In any commerce setting, the concept of item similarity is very not straightforward. Two users usually buying same kinds of products can be considered as similar, but we cannot say the same about two items bought by same user.
There are two different concepts of item similarity for recommendation purposes. One is, if the two items are physically similar, for example : Blue Reebok Shoes and Red Reebok Shoes, and other is if they have functional dependency on each other, for example: Reebok Shoes and Reebok Socks.
For finding physically similar items, one can create a dictionary of attributes defining the product and do Jaccard similarity on those attributes.
For example:
Item A = {color: Blue, size: 10, material: Cotton, brand: Reebok}
Item B = {color: Red, size: 10, material: Cotton, brand: Reebok}
Thus, the intersection of sets would be number of attributes that match up, i.e.

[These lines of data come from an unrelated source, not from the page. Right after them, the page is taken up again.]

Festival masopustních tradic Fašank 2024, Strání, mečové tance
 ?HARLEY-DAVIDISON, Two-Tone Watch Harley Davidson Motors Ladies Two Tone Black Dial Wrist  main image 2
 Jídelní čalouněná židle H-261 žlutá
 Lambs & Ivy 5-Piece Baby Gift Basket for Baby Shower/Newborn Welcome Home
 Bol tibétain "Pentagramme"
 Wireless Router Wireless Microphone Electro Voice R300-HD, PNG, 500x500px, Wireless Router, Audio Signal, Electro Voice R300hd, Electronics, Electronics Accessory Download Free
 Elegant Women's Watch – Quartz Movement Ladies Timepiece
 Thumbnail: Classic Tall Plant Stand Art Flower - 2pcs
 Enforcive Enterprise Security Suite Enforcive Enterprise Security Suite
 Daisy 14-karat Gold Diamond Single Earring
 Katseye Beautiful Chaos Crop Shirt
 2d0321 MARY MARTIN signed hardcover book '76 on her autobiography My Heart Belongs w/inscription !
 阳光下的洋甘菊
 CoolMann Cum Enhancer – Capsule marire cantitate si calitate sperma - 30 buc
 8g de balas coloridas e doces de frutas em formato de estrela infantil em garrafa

Intersection(A,B) = {size, material, brand}
Union(A,B) = {color, size, material, brand}
Jaccard Index = 3/4 = 0.75
For finding behaviorally dependent items, one proxy that is generally used is more the two items are bought together in same session, more dependent they are for each other's functioning, thus more valuable recommendation. For this setting, one can create a matrix of products a user buys in a single session. For m
users and n
products it would be sparse m X n
matrix. If we read the same matrix column wise, that would be set of users who bought the item in a particular session.
Thus,
Item A = {Ua, Ub, Uc}
Item B = {Ub, Ud}
Jaccard Index = 1/4 = 0.25